Shriti Vadera replaced Stephen Timms in the post of communications minister at the Department for Business, Enterprise & Regulatory Reform in January.
Timms had been in talks with internet service providers (ISPs) in November about how to improve broadband access in the UK. IT managers are keen for Vadera to keep the momentum going.
Richard Steel, CIO at the London Borough of Newham, said he wants to see the principle of universal access provision applied to broadband in the same way it has been applied to telephone connections, so broadband is not deployed only to areas according to commercial return.
John Logie, a manager at First Engineering, a company that designs railways, said Vadera should ensure all businesses are able to access broadband at a line speed of their choosing.
"One issue I would like to see raised is BT's refusal to address performance/line speed problems with households/businesses that are more than x miles from a switch. Given that most network providers use BT lines from the switches to the end point there is no way round the problem," he said.
IT managers also want the minister to take a hand in clearing up how broadband is advertised and sold. "The definition of services should be clear and it should be mandatory for the provider to publish the number of customers/volumes they carry over individual connections. You should be able to see the contention," said David Bason, IS director at law firm Shoosmiths.
David Bradbury, IT manager at Ashton Graham solicitors, said the minister should ensure that firms pay for only the connection speeds they get and switching should be easy if the service is not up to scratch. Rolling out faster fibre connections also ranked as a priority.
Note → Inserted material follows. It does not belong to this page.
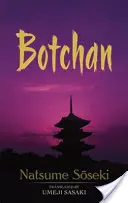 Botchan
"The minister should get more funding to enable fibre to every home and business in the country. The cost for this has been estimated at under £15bn. The cost of one and a bit Olympic games or 25% of a Northern Rock," he said.
The minister faces the challenge of maintaining ISP investments in faster networks while balancing equal access.
"Vadera has a tough job in this area broadband providers are unlikely to welcome new regulation, whereas it seems private investment in networks is not likely to grow significantly of its own accord," said Jimmy Desai, technology partner at law firm Blake Lapthorn Tarlo Lyons.
Neil Berkett, CEO of broadband provider Virgin Media, said at a government conference on broadband last month that the government¹s current "hands-off" approach to regulating investment in broadband was the right one and warned off intervention.